[Qt-interest] Qt as true mobile multi-platform framework.
Constantin Makshin
cmakshin at gmail.com
Fri Nov 5 20:44:22 CET 2010
No offence, but US isn't the whole world.
There are quite a lot of Symbian phones, Maemo exists on Nokia N770/N800/N810 tablets and N900 tablet-phone, MeeGo is already available on some netbooks and will replace Maemo on phones (phone version is still WIP). Windows Mobile isn't completely dead, too.
Windows Phone 7 is based on .NET and doesn't support native [3rd-party] applications, so chances of Qt being ported to this platform are questionable. And it was released less than one month ago, so I guess it's a bit early to discuss its worthiness.
I agree than Android is popular, but why not use the community-developed port of Qt when it's done? Ignore something just because it's not developed by Nokia?
As for iPhone version of Qt — do you remember the restrictions Apple added to their iPhone development license that banned all intermediate layers and code that wasn't using native iOS API? Those restrictions were relaxed some time ago, but when they were active, would anyone develop a Qt port or Qt-based iPhone application knowing that it's likely to be rejected by AppStore staff?

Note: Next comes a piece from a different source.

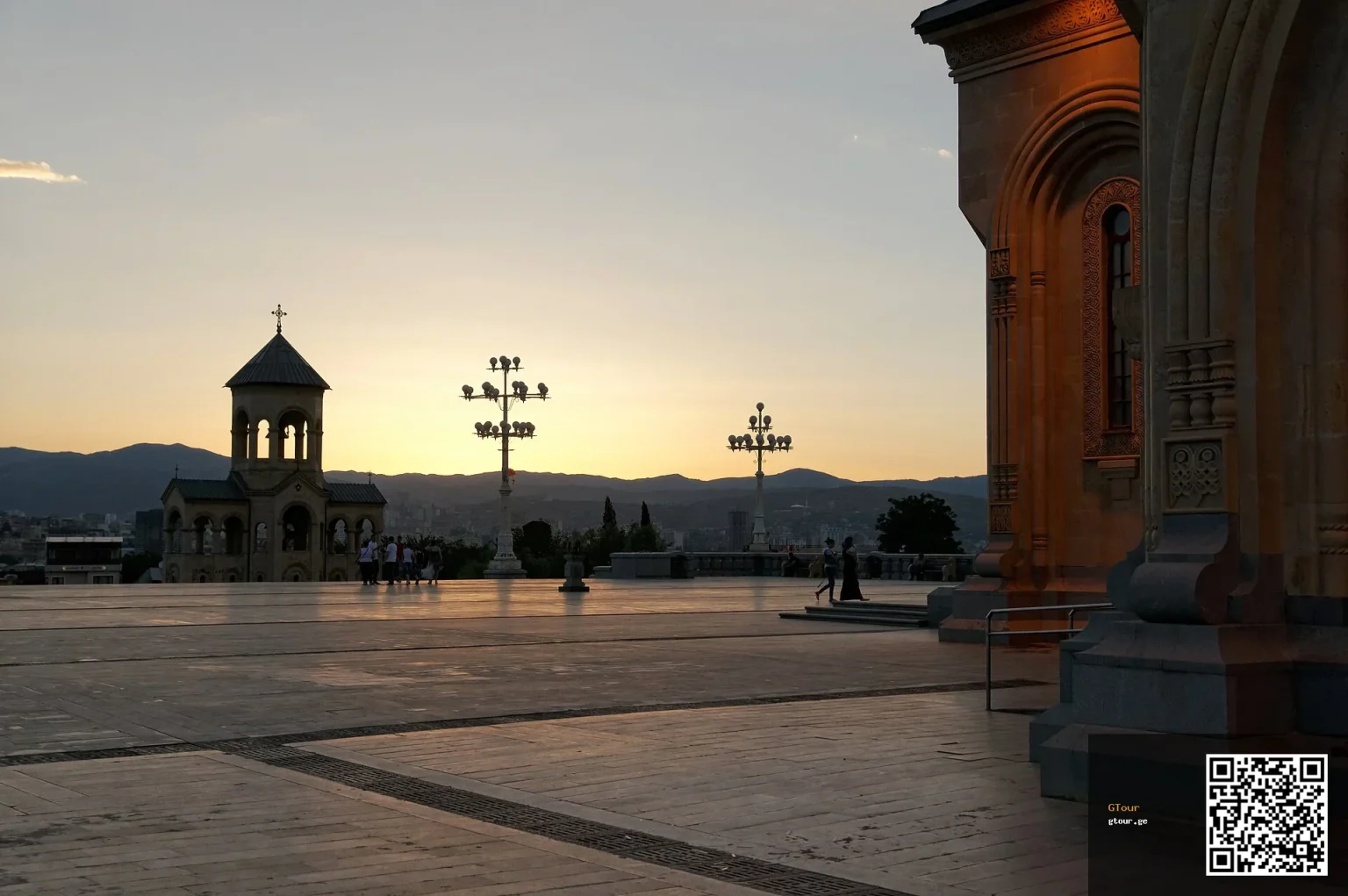 Sunset view of Tbilisi's Holy Trinity Cathedral, the city's iconic landmark for visitors.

On Friday 05 November 2010 09:14:16 David Ching wrote:
> With respect, Qt is not as relevant as a "true multi-platform framework" as
> it was prior to the dominance of iPhone and Android, which together with RIM
> make up almost all of the mobile market in the US. Symbian is non-existent
> in the US, and Mameo and MeeGo are unknown quantities (are they even
> released yet?) that may or may not succeed. I don't see how you can ignore
> (or leave to "unofficial ports" the dominant market share of iPhone and
> Android) and seriously call it true multi-platform.
>
> Which is too bad considering there is nothing else that is, either. Best on
> paper at least is Silverlight, which can target Windows (native), Mac
> (native), Linux (through Moonlight?), iPhone (through MonoTouch), and
> Windows Phone 7 (native). Then we read this week that MS is repositioning
> Silverlight and its only true cross platform support will be through HTML5,
> meaning we will probably never see Silverlight on Android.
>
> Seems like there isn't enough money for anyone to write a true
> multi-platform framework for all significant desktop and mobile OS's. :-(
>
> -- David
>
>
> "Constantin Makshin" wrote in message
> news:201011041319.22577.cmakshin at gmail.com...
>
> Qt already works on most desktop platforms, Symbian (Symbian^3 has Qt
> available out-of-the-box, Symbian^4 is going to replace numerous old GUI
> libraries with Qt), [dead] Windows Mobile (AFAIK, native applications are
> no-no on Windows Phone 7, so it's unlikely that Qt will be available there),
> Maemo and MeeGo. There are unofficial ports of Qt to Android and iPhone.
>
> Looking at that list, I'd say Qt is already [one of] the most portable
> toolkit[s]. From my experience of using Qt on mobile platforms I can say
> that most difficulties are caused by physical/hardware limitations of mobile
> devices (small screens, input methods, etc.) you have to cope with and not
> software ones.
>
> So, I think, Qt can be called "true multi-platform framework" (the word
> "mobile" is omitted intentionally).